I host a monthly fiction challenge, and it’s amazing how often women write “I wouldn’t be able to do that” without even trying, or “Here’s my lame attempt” as a preface to a perfectly fabulous story. We humans all seem to have a heavy helping of self-doubt built into us.
Whenever we look at our dream and decide to back away from it before we even try to make it happen, we are continuing a self-defeating cycle. We need to start to question our fears and take control. Self-doubt killed more dreams than failure ever did.
Some fear is helpful, as it is a protection mechanism. However, we need to question all fear, to see if it is valid. If the fear is saying to ourselves “I won’t be any good at it so I may as well not bother”, then we need to ask “Why not? Why won’t I be able to do it?” You’d be surprised to find out you often can’t answer that. If there is no risk involved, other than ego, and no valid reason why you can’t achieve what you’re trying to do, then you need to shout down that fear and continue on your way.
For some reason, the older we get, the stronger our fear grows. I think it has sat in our ear unchallenged for so long that it has expanded beyond logical argument. We listen to what our mind says without ever questioning it but we don’t need to believe everything we think.
Ultimately, if we try and fail, what harm is done? We can always just try again. And again. The power of the fear is not that we fail, but that it stops us from trying.
Remember if you can change your focus, you’ll change your life.

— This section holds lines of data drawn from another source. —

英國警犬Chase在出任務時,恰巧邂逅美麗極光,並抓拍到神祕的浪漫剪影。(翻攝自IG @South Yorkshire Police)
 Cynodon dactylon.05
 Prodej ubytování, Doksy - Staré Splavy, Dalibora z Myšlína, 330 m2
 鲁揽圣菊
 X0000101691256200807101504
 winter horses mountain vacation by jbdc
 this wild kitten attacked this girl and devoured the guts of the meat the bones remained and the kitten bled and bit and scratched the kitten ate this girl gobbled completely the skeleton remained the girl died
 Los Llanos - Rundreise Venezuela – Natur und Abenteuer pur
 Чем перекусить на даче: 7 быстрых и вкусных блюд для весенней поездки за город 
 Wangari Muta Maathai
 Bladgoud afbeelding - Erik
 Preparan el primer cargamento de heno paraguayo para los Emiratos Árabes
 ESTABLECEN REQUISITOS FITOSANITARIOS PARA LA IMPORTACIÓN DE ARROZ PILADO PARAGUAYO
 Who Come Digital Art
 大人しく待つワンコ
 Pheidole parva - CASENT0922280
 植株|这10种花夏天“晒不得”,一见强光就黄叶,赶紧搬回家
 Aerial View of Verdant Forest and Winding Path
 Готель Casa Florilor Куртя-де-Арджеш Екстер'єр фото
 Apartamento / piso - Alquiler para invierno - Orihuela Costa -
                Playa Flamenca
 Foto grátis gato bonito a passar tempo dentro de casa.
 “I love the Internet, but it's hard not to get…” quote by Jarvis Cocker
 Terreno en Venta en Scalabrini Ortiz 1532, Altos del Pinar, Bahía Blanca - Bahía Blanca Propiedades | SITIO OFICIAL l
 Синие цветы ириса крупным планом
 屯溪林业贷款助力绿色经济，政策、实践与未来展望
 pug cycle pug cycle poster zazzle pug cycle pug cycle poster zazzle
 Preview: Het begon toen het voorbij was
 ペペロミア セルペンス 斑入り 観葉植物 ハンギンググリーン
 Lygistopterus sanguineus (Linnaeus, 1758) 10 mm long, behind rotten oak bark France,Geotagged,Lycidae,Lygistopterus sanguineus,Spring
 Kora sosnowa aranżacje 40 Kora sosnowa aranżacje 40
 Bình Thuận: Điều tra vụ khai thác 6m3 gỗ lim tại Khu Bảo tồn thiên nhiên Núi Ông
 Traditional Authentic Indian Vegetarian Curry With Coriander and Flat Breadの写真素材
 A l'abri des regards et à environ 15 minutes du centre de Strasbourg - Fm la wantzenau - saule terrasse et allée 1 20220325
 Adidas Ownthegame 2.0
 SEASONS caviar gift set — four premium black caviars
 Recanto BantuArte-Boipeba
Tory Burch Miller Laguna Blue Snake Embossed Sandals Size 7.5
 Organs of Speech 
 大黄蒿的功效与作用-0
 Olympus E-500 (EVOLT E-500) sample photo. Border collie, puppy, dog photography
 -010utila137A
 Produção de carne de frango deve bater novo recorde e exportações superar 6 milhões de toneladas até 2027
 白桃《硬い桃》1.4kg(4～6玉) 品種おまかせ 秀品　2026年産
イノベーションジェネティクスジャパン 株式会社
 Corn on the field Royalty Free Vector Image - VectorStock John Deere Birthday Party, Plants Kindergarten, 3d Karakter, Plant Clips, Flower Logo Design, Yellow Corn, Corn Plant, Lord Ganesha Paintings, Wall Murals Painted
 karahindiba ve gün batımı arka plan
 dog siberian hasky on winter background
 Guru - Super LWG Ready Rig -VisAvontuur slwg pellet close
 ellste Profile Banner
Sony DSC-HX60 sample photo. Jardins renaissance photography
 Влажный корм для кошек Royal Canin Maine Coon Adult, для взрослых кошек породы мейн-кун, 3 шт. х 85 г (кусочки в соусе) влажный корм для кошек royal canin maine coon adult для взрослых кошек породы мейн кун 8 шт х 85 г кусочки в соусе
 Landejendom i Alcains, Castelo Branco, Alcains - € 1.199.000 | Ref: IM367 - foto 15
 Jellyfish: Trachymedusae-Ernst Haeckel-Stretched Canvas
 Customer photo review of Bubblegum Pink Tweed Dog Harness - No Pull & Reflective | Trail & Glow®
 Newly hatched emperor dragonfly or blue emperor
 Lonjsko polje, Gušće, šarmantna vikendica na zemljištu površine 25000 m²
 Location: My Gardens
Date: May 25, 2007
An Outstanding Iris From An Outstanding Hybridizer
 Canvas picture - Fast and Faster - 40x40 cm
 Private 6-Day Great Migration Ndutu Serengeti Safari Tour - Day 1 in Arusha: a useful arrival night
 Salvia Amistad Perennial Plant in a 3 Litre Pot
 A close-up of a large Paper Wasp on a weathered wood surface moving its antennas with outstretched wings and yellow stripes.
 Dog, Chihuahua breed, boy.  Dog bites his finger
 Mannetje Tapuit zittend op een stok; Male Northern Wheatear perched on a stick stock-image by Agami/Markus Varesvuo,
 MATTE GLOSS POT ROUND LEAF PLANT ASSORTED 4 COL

“Miracles start to happen when you give as much thought and energy to your dreams as you do your fears” – Unknown.
So start to think of all the reasons you can, not why you can’t. At all times, ask “Why not me?”
Great words here, thank you for the reminder - we all have the opportunity to do our best! May we always take that opportunity!
My writing group has a rule - if you rubbish your own work, you have to put some money into our tin. You can say something like - "This is the first draft and needs more work", but if you said something like, "I'm no good at poetry, but here's my poor attempt" then you'd have to put money in the tin.
It's a rule that works well, those present are careful to not bag their work and everyone has a go at our writing exercise, whether or not it's something they consider themselves to be good at.